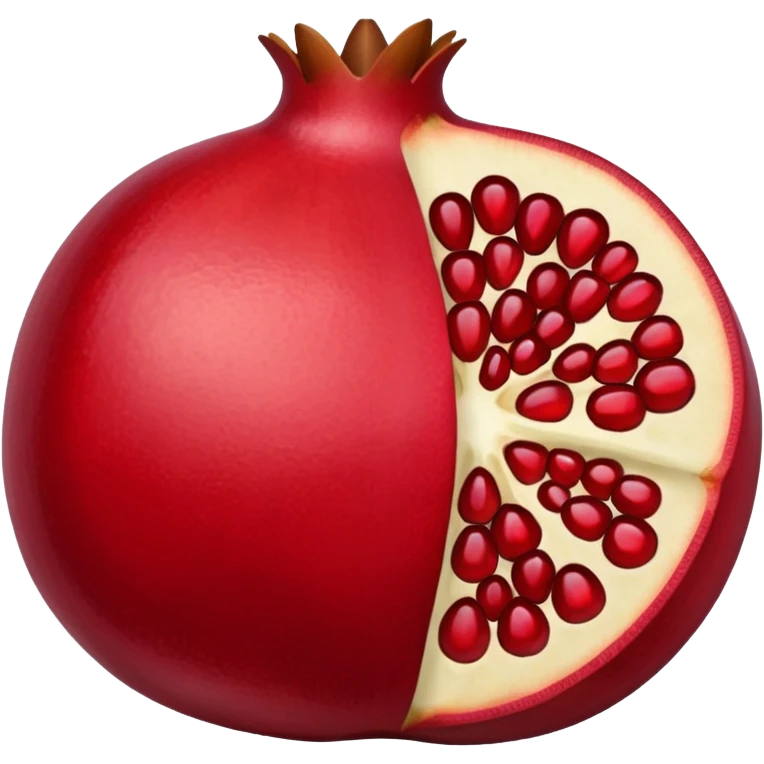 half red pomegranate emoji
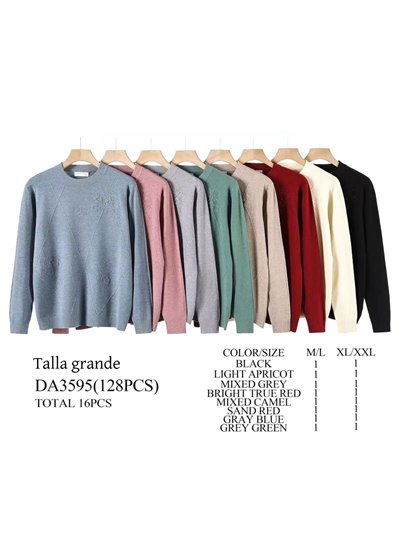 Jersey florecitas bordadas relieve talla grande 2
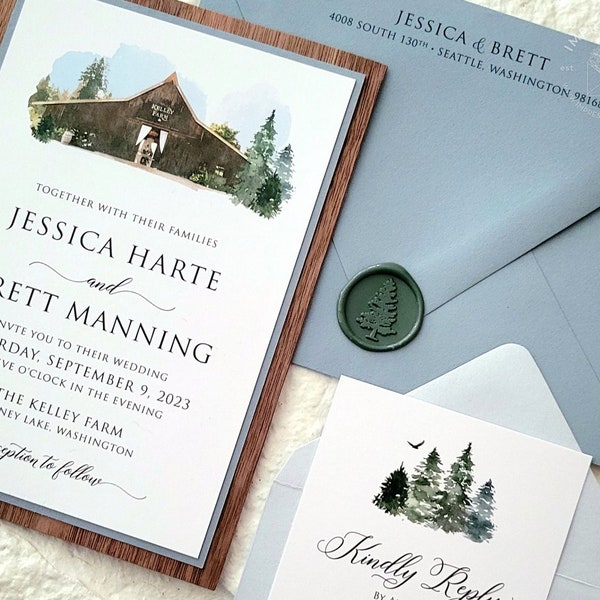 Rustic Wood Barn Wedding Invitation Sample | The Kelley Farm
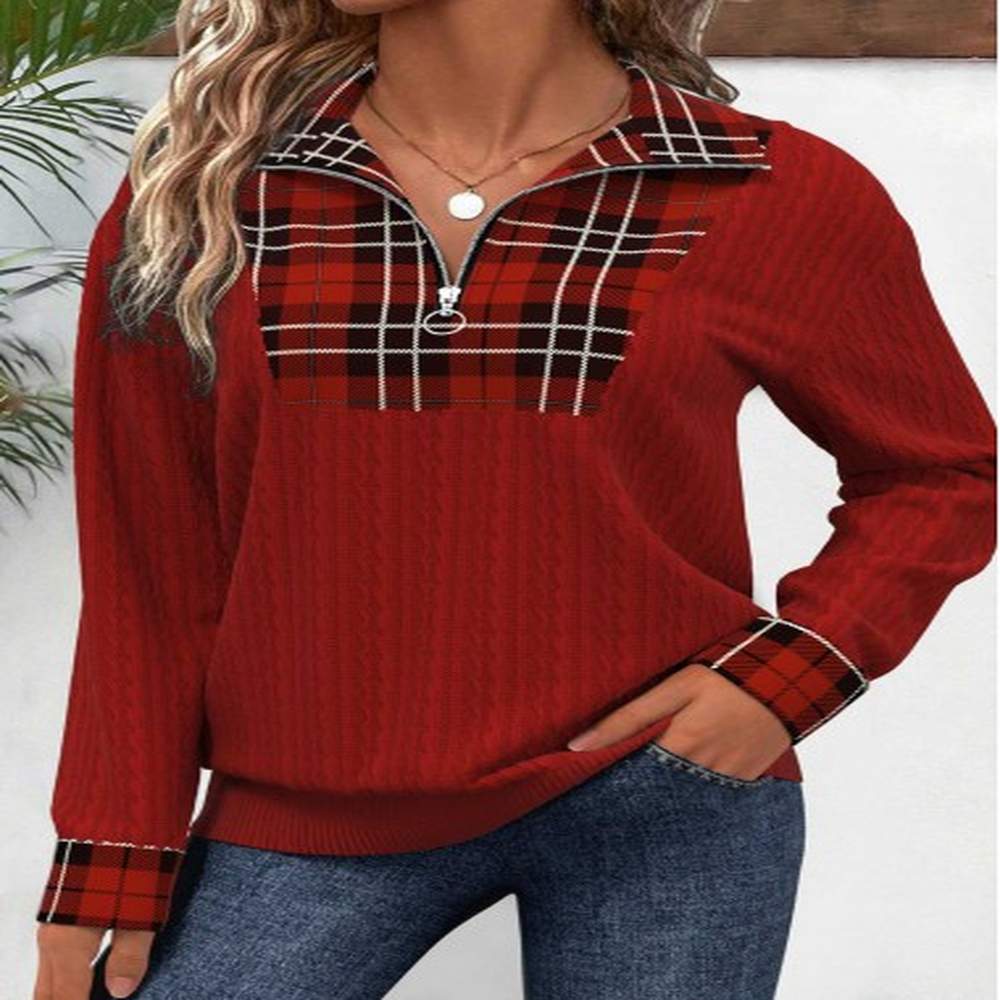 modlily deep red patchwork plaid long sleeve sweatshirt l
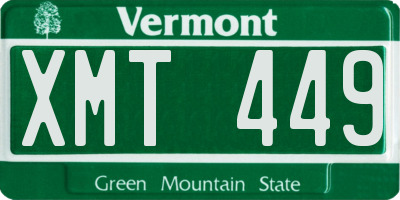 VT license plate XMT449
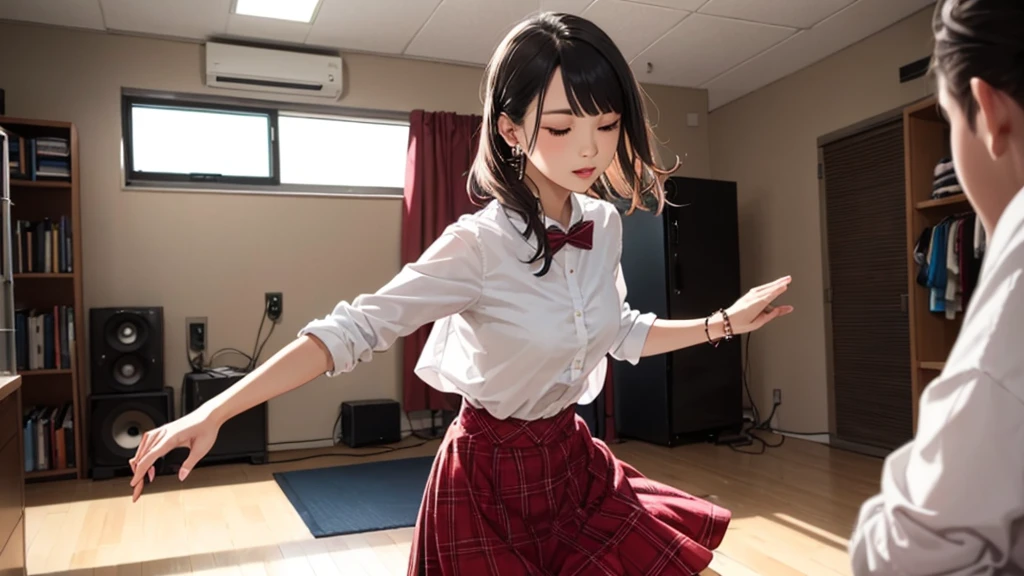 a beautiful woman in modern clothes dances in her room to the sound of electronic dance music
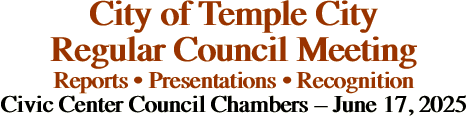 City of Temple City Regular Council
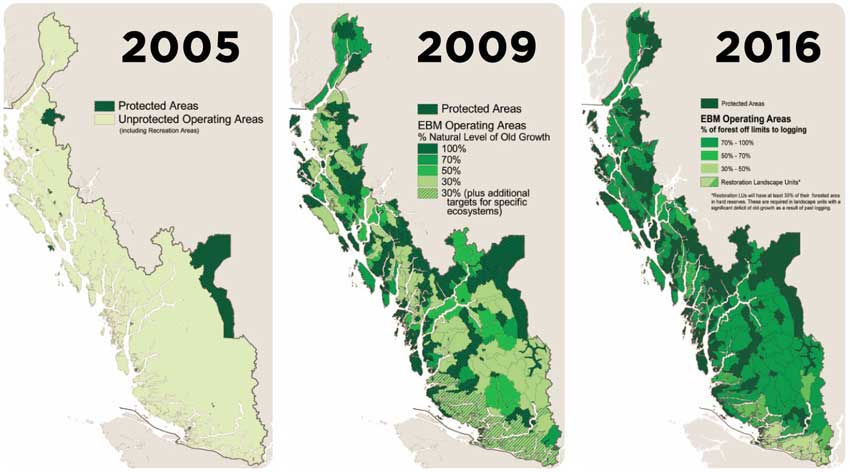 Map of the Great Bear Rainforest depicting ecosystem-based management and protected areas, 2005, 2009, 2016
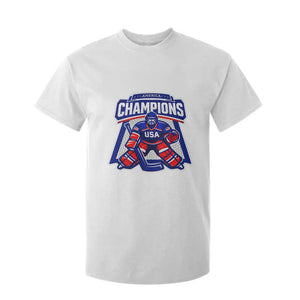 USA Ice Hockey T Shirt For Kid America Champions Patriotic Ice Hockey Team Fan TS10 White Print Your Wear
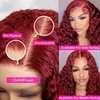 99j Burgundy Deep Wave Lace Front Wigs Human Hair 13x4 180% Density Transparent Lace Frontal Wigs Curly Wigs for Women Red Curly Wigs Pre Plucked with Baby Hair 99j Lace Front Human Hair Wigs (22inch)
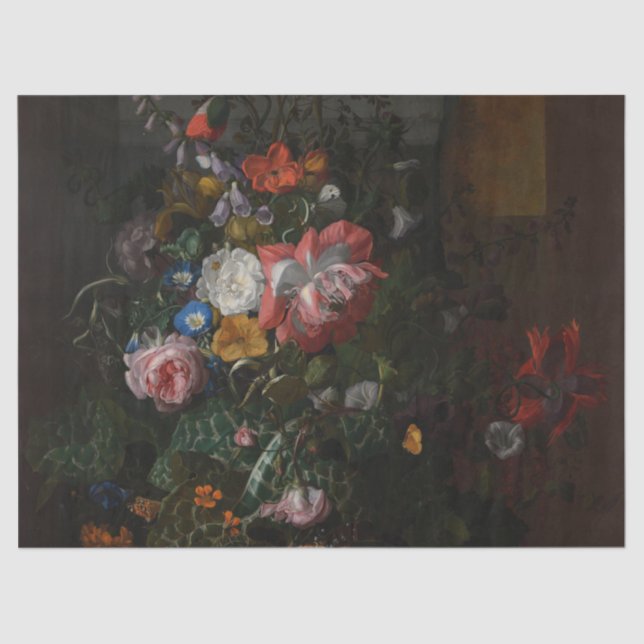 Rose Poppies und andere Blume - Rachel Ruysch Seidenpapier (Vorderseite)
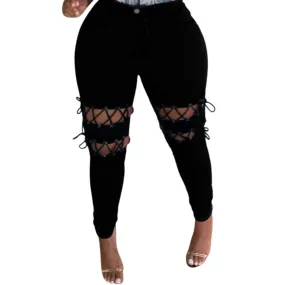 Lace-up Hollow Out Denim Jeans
§ §
▶ **EXERCISE**
Please set down the records above verbatim, with each picture left out.

▶ **SOLUTION TO THE EXERCISE**
 half red pomegranate emoji
 Jersey florecitas bordadas relieve talla grande 2
 Rustic Wood Barn Wedding Invitation Sample | The Kelley Farm
 modlily deep red patchwork plaid long sleeve sweatshirt l
 VT license plate XMT449
 a beautiful woman in modern clothes dances in her room to the sound of electronic dance music
 City of Temple City Regular Council
 Map of the Great Bear Rainforest depicting ecosystem-based management and protected areas, 2005, 2009, 2016
 USA Ice Hockey T Shirt For Kid America Champions Patriotic Ice Hockey Team Fan TS10 White Print Your Wear
 99j Burgundy Deep Wave Lace Front Wigs Human Hair 13x4 180% Density Transparent Lace Frontal Wigs Curly Wigs for Women Red Curly Wigs Pre Plucked with Baby Hair 99j Lace Front Human Hair Wigs (22inch)
 Rose Poppies und andere Blume - Rachel Ruysch Seidenpapier (Vorderseite)
 Lace-up Hollow Out Denim Jeans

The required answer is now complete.